The problem: Omit all pictures. Quote only the lines from the one with "Último sorteo Lotería" through the end of the material below.
- - -
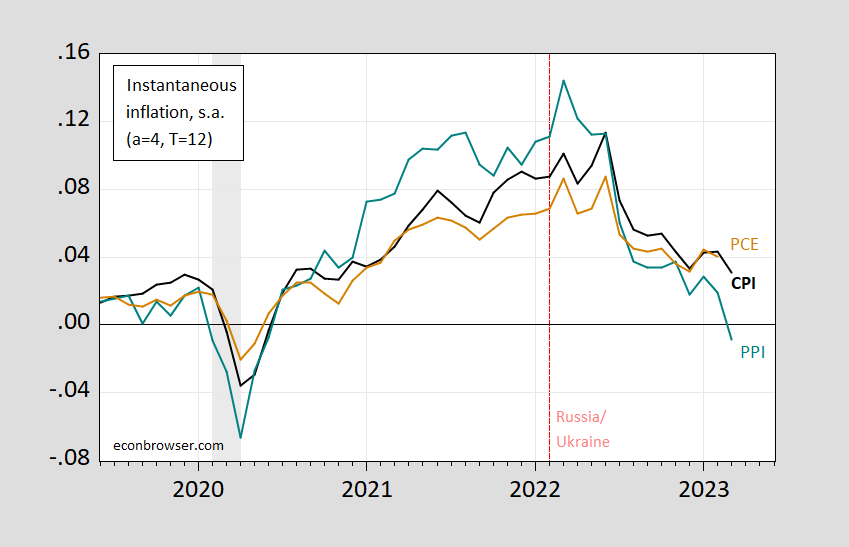 CPI, PPI, and PCE Instantaneous Inflation Econbrowser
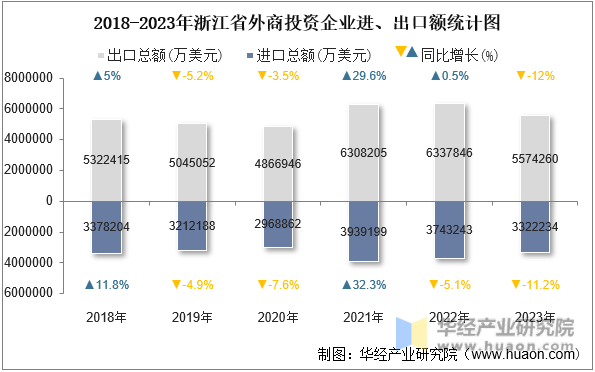 2018-2023年浙江省外商投资企业进、出口额统计图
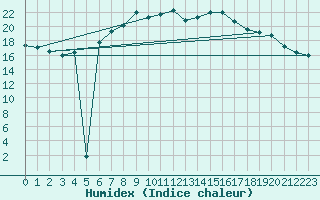 Courbe de l'humidex pour Michelstadt-Vielbrunn
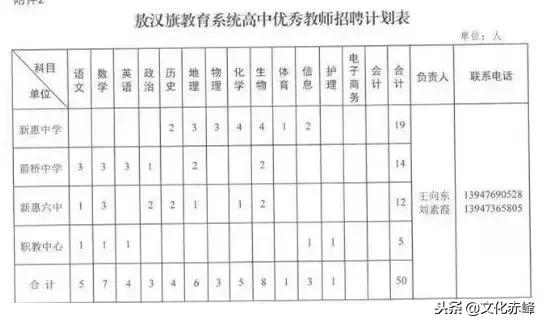 敖汉最新招聘信息获取指南及解析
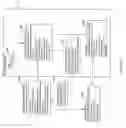 Fig. 04 - Entity based configurable data management system and method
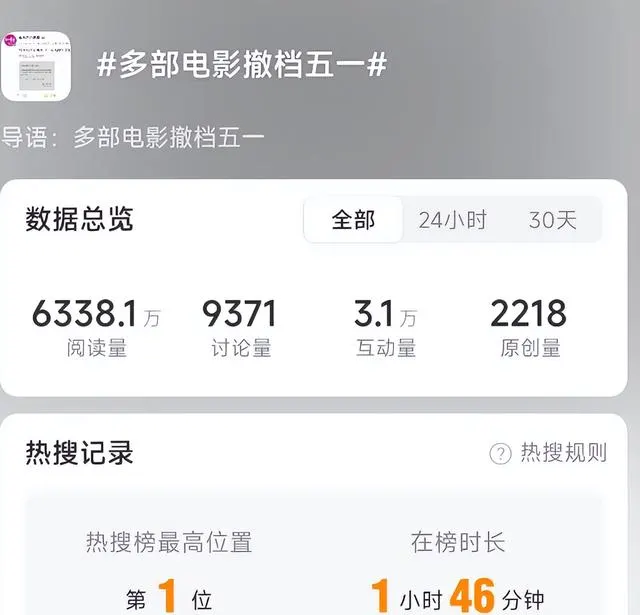 《寒战1994》领跑五一档票房，《三心两意》等三部影片临时撤档 _ 剧照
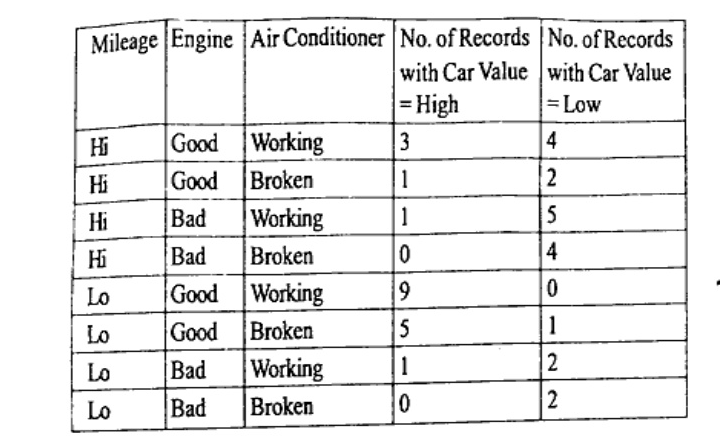 Table with columns Mileage, Engine, Air Conditioner, No. of Records with Car Value=High, No. of Records with Car Value=Low. Rows: Hi Good Working 3 4; Hi Good Broken 1 2; Hi Bad Working 1 5; Hi Bad Broken 0 4; Lo Good Working 9 0; Lo Good Broken 5 1; Lo Bad Working 1 2; Lo Bad Broken 0 2.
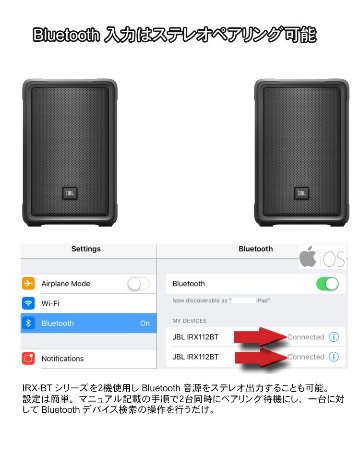 JBL 1300Wパワードスピーカー IRX108BT-Y3 ２本１組 1ペアセット スタンド付きの画像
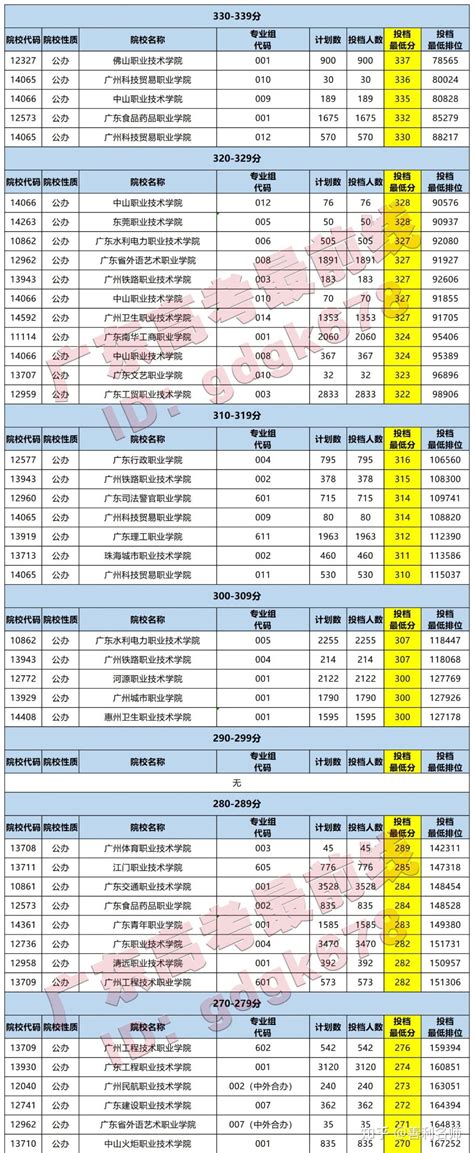 2021年学考各分数段院校投档一览表！2022重要参考！ - 知乎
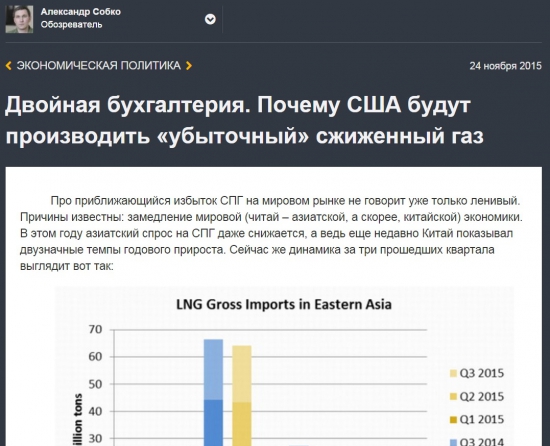 Отличная статья про газ.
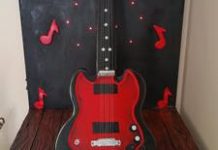 Plucky efforts the icing on the cake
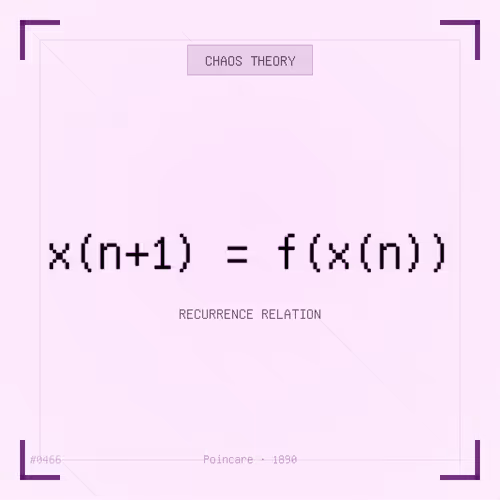 Theoremnft Official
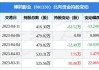 11月12日上市公司减持汇总：博纳影业等10股拟减持（表）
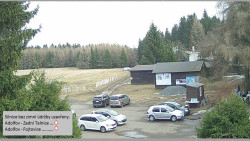 Parkoviště běžecký areál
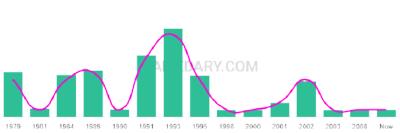 The popularity and usage trend of the name Teron Over Time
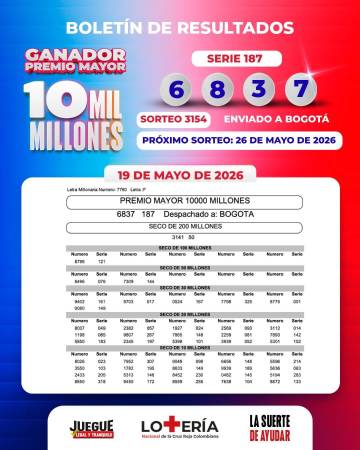 Último sorteo Lotería Cruz Roja. FOTO: LOTERÍA DE LA CRUZ ROJA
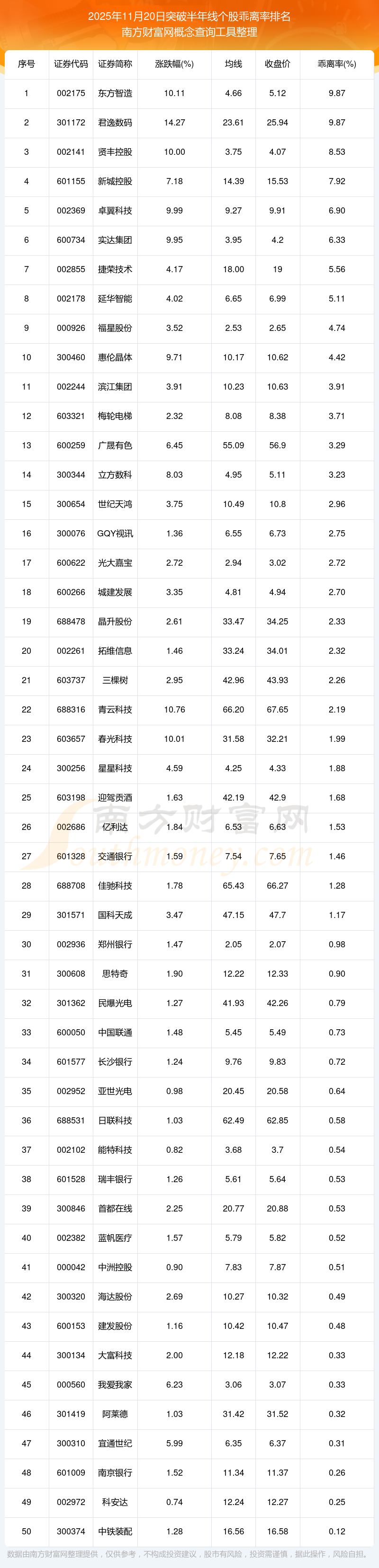 今日750只个股突破五日均线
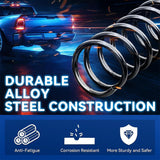 Richeer Heavy Duty Rear Coil Springs Compatible with 2019-2025 Ram 1500 2WD 4WD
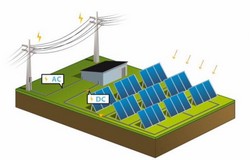 PROIECTARE PARCURI  FOTOVOLTAICE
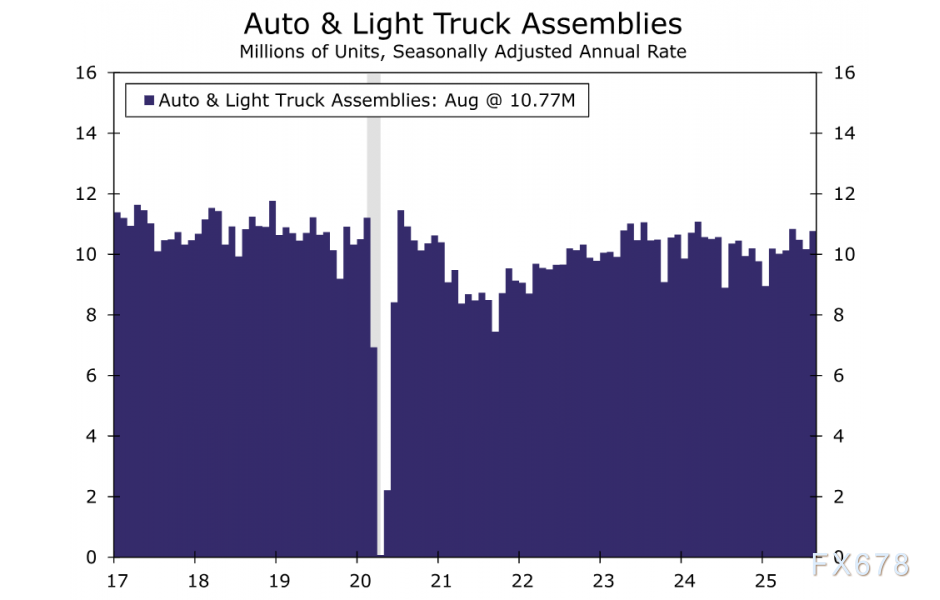 制造业数据疲软！美元指数陷入泥潭，待美联储决议破局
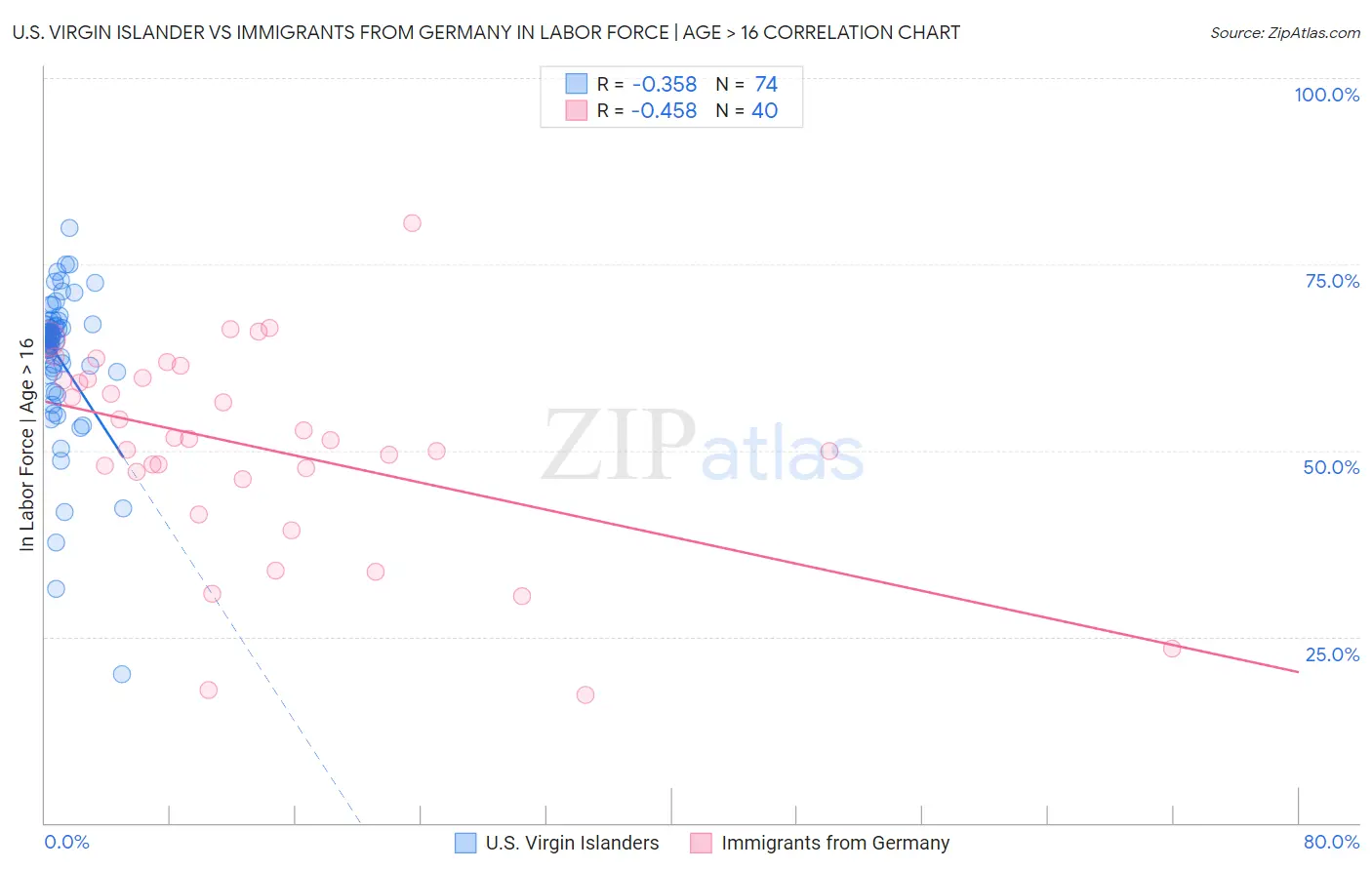 U.S. Virgin Islander vs Immigrants from Germany In Labor Force | Age > 16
- - -
Written solution:
 Último sorteo Lotería Cruz Roja. FOTO: LOTERÍA DE LA CRUZ ROJA
 今日750只个股突破五日均线
 Richeer Heavy Duty Rear Coil Springs Compatible with 2019-2025 Ram 1500 2WD 4WD
 PROIECTARE PARCURI  FOTOVOLTAICE
 制造业数据疲软！美元指数陷入泥潭，待美联储决议破局
 U.S. Virgin Islander vs Immigrants from Germany In Labor Force | Age > 16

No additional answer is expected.